Little people were very excited about their Easter baskets!

I've met my match.

I recently finished reading The Man Who Ate Everything by Jeffrey Steingarten. What can I say? As a lover of food and a voracious eater, the title appealed to me.

Steingarten serves as food critic for Vogue magazine. (Yeah. I thought the same thing as you. "Vogue has a food critic?" When I think of Vogue, I think of dresses and bags and makeup and jewelry and tons of super-skinny models who never eat anything, much less consult the advice of a food critic. But I guess I've been wrong.)

At any rate, the book is a collection of essays on various food-related topics: Kobe beef, the perfect french fry (and the perfect ketchup to dip it in), truffle hunting, ice cream, salt, the American obsession with low fat foods, produce in the American supermarket, and on and on.

Steingarten is rapaciously curious about food, and he seems to revel in research and recipe testing. These tendencies, combined with a love of eating and a nice sense of humor, make for entertaining and informative reading.

The only thing I found off-putting, at times, was that Steingarten is obviously writing from a position of, well, privilege. He lives in New York City and thinks nothing of popping out at any hour of the day to track down the most obscure ingredients. He pays insanely high prices for foodstuffs, writing in dulcet tones about a crate of glorious peaches he had shipped direct from California (to the tune of $6 or $7 PER PEACH).
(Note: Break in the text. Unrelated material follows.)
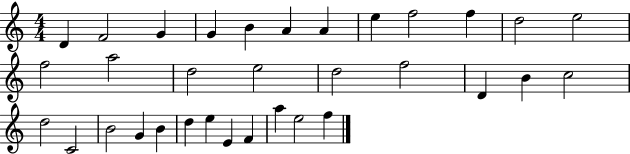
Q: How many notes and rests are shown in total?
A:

He has ample time and resources to buy hundreds of pounds of potatoes, various jugs of different oils, and several versions of deep fryers to conduct an extensive french fry test at his apartment.

Man, that Vogue expense account must be generous.

Other than that slight chafing, however, I found the book enjoyable and enormously interesting. I learned a lot, and I'm considering buying his second book, It Must've Been Something I Ate.

Friday, April 15, 2011

The book of greed.

I recently finished reading Curtis Wilkie's Fall of the House of Zeus, which chronicles the meteoric rise and subsequent indictment of Dickie Scruggs. Wow.

If you aren't familiar with Dickie Sruggs, he was a home-grown Mississippi trial lawyer who took on some of America's biggest businesses and won. He landed big settlements for victims of asbestos poisoning in Mississippi and later went on to litigate Mississippi's tobacco settlement, a HUGE case that sent ripple effects throughout the United States and made Scruggs a millionaire for life.

As you read the book, you'll learn more than you ever wanted to know about a parade of familiar Mississippi politicians and lawyers. Even more astonishing, though, the book pulls back the curtain a bit and shows you how things really get done in state politics and law.

Wilkie delineates the connections between local business leaders, elected officials, and others with clout, and these connections are countless. The people that run this state went to Ole Miss together, pledged the same fraternity, grew up in the same small town, etc. And how do things get done once these folks are in positions of power? Well, one calls in a personal favor to another, and that's pretty much that.

In other words, your average John Q. Public, who doesn't happen to have such connections, doesn't have a prayer when trying to get legislation passed or effect some other desired outcome. He's not part of the network.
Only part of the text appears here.